Suppose we have produced cluster assignments from two models: a hierarchical clustering model with three clusters (as above) and a \(k\)-means clustering model with five clusters (below). How can we combine these assignments?

```
km_spec <- k_means(num_clusters = 5)
km_fit <- km_spec %>%
fit(~., data = penguins)
km_preds <- predict(km_fit, penguins, prefix = "KM_")
hc_preds <- predict(hc_fit, penguins, prefix = "HC_")
```

We notice that the three-cluster assignments from
`hier_clust`

do not line up perfectly with the five-cluster
assignments from `k_means`

.

```
tibble(
hc = hc_preds$.pred_cluster,
km = km_preds$.pred_cluster
) %>%
count(hc, km)
#> # A tibble: 8 × 3
#> hc km n
#> <fct> <fct> <int>
#> 1 HC_1 KM_1 80
#> 2 HC_1 KM_2 72
#> 3 HC_1 KM_3 3
#> 4 HC_1 KM_5 1
#> 5 HC_2 KM_3 28
#> 6 HC_2 KM_4 64
#> 7 HC_2 KM_5 76
#> 8 HC_3 KM_4 18
```

However, they are not fully unrelated assignments. For example, all
of `KM_2`

in the \(k\)-means
assignment fell inside `HC_1`

for the hierarchical
assignments.

Our goal is to relabel the five \(k\)-means clusters to match the three
cluster names in the hierarchical output. This can be accomplished with
`reconcile_clusterings_mapping()`

.

This function expects two vectors of cluster labels as input. The first is the label that will be matched, and the second is the label that will be recoded to the first.

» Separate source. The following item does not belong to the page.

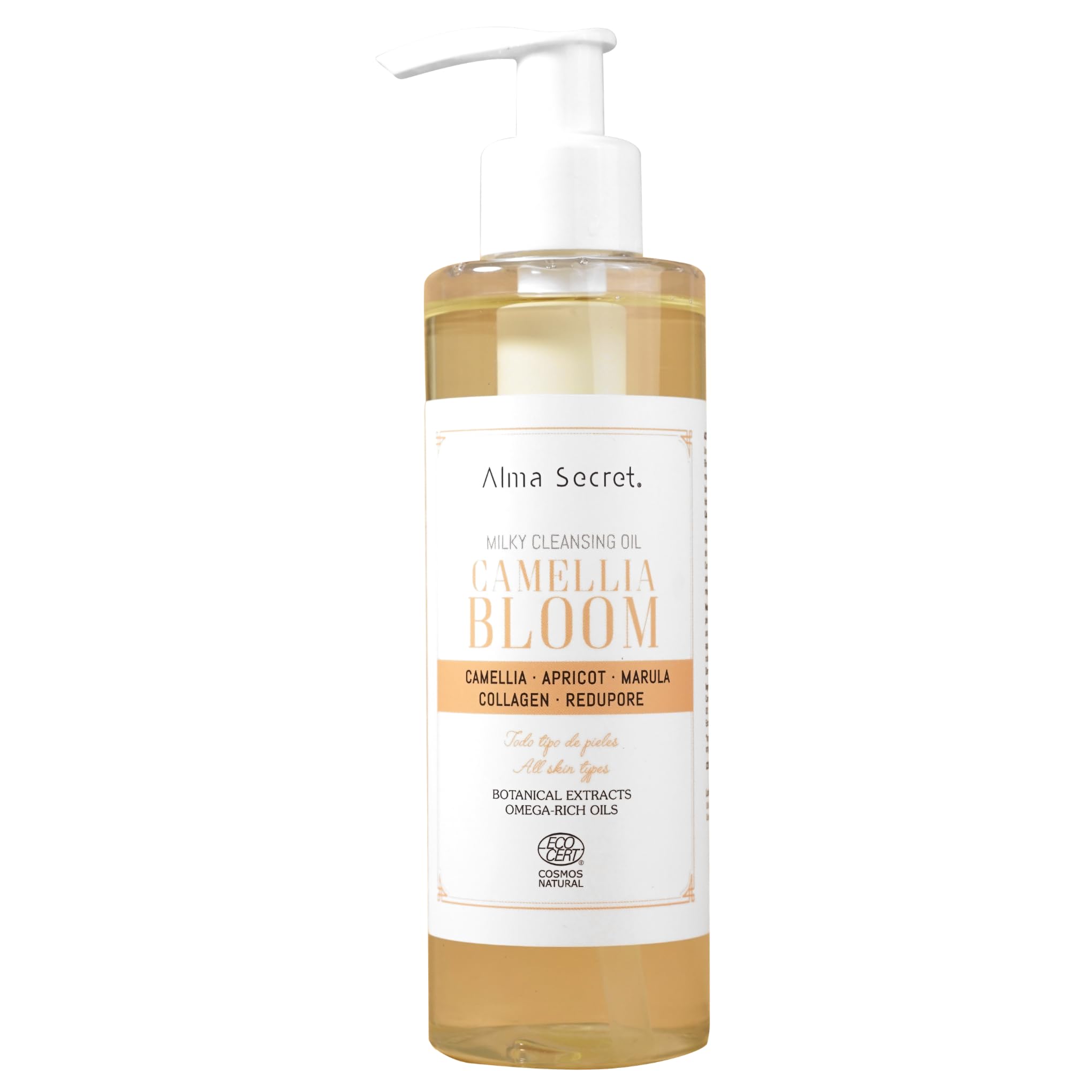 Alma Secret | Aceite Limpiador Facial Desmaquillante Camellia Bloom | Oil Cleanser Doble Limpieza | Elimina Maquillaje Waterproof e Impurezas | Oil to Milk | Afina Poros | Todo Tipo de Pieles | 200 ml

If we are not trying to simply match names across two same-size
clusterings, the option `one_to_one`

must be set to
`FALSE`

.

```
reconcile_clusterings_mapping(
primary = hc_preds$.pred_cluster,
alternative = km_preds$.pred_cluster,
one_to_one = FALSE
)
#> # A tibble: 342 × 3
#> primary alt alt_recoded
#> <fct> <fct> <chr>
#> 1 HC_1 KM_1 HC_1
#> 2 HC_1 KM_2 HC_1
#> 3 HC_1 KM_2 HC_1
#> 4 HC_2 KM_3 HC_2
#> 5 HC_3 KM_4 HC_2
#> 6 HC_3 KM_4 HC_2
#> 7 HC_2 KM_3 HC_2
#> 8 HC_2 KM_5 HC_2
#> 9 HC_1 KM_2 HC_1
#> 10 HC_2 KM_4 HC_2
#> # ℹ 332 more rows
```

In this example, we can see that `KM_1`

,
`KM_2`

, `KM_5`

have been matched to
`HC_1`

; and `KM_3`

and `KM_4`

have been
matched to `HC_2`

. Notice that no clusters from the
`KM`

set were matched to `HC_3`

; evidently, this
is a small cluster that did not manifest clearly in the \(k\)-means clustering.